Parallel High Performance Statistical Bootstrapping in Python

Description

BLB ("Bag of Little Bootstraps") is a method to assess the quality of a statistical estimator based upon subsets of sample distributions. BLB is a variant of and solves the same class of problems as the general bootstrap. Unfortunately, the general bootstrap is a computationally demanding operation when given large data sets, and does not parallelize easily. BLB is an attractive alternative due to its its structural and computational properties which allow for much better parallelization. However, two obstacles exist to realizing this parallelism in practice. First, expressing the parallelism inherent in the algorithm requires quite different code depending on the platform (for example, multi-core with Cilk-aware compiler vs. GPU with CUDA or OpenCL vs. shared-nothing cloud computing with Spark or Hadoop). Second, even given the skeleton code for a particular platform, the specific estimator function being computed is different for each application, making it difficult to encapsulate the BLB pattern in a library.
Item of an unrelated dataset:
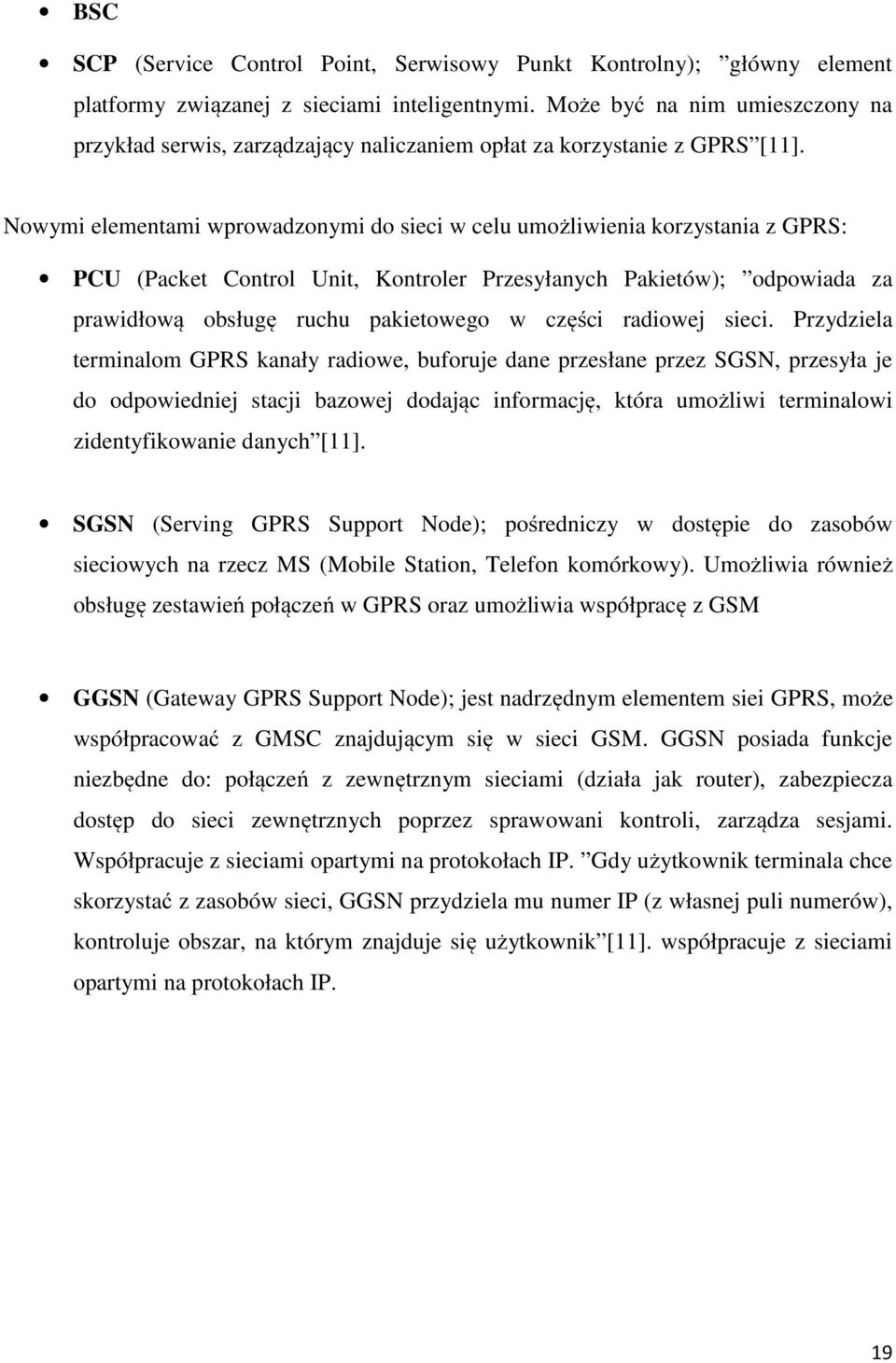 Nowymi elementami wprowadzonymi do sieci w celu umożliwienia korzystania z GPRS: PCU (Packet Control Unit, Kontroler Przesyłanych Pakietów); odpowiada za prawidłową obsługę ruchu pakietowego w części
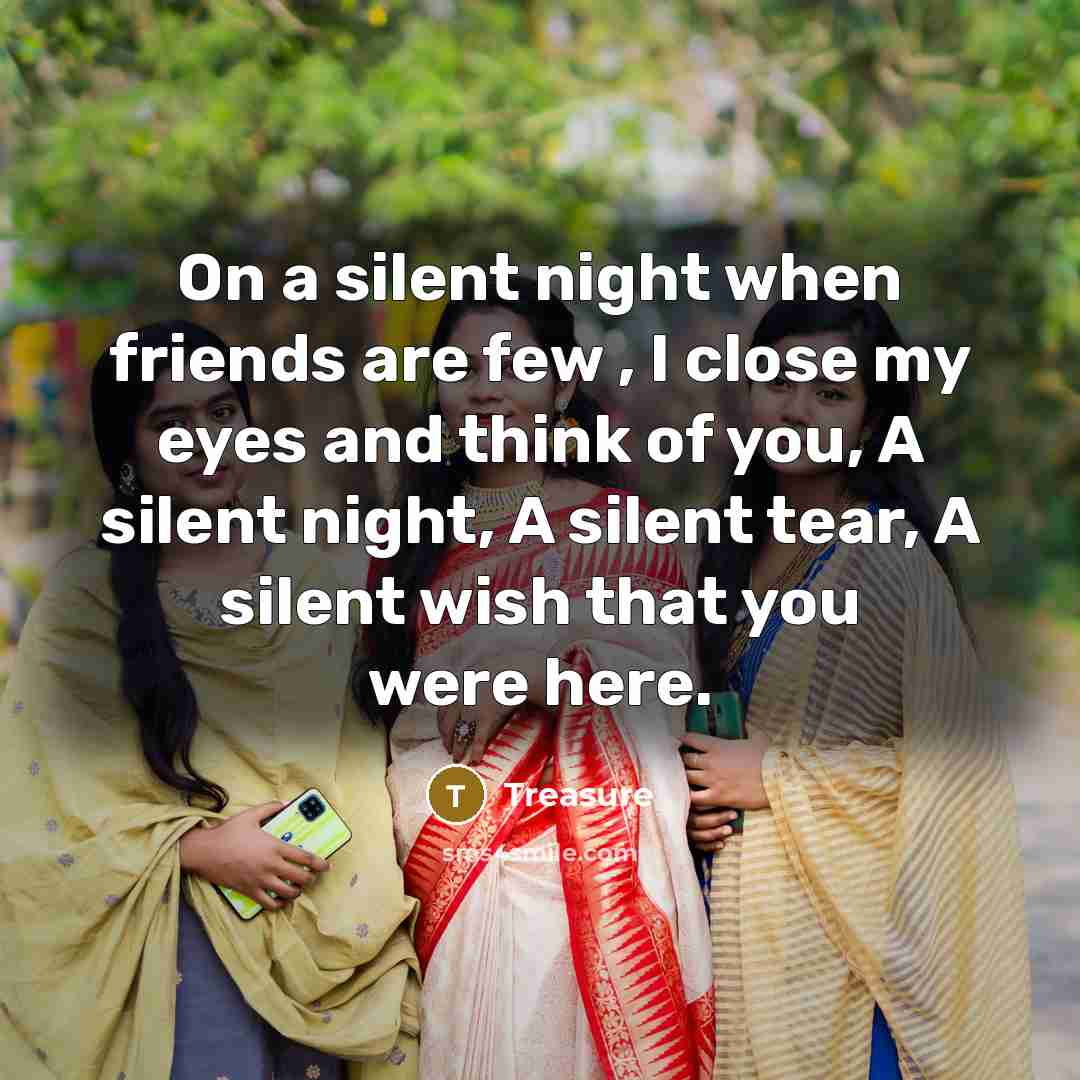 “On a silent night when friends are few , I…” quote by Treasure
We apply the SEJITS technology (Selective Embedded Just-in-Time Specialization) to solve both problems: scientists can write applications in Python that make use of estimator functions also written in (a subset of) Python, and just-in-time code generation techniques are used to "lower" these functions to efficiency-level languages and inline them into an execution template optimized for each type of parallel platform; in this paper we focus on the multicore environment. The result is that Python applications that use BLB are source- and performance- portable, with performance comparable to hand-written code in low-level languages. We expect that code variants produced for the multicore environment can reasonably support data sets in the order of tens of gigabytes in size, and that variants for the cloud environment can support data sets in the order of terabytes in size. Preliminary results from a simple application of linear regression show a 13.6x speedup as a result of using 16 cores instead of 1 core, and this parallel performance was obtained by simply coding the linear estimator function in Python. Our runtime compiler (specializer) for BLB augments a growing family of such compilers that will ultimately allow Python applications to make use of generic computational patterns across different platforms.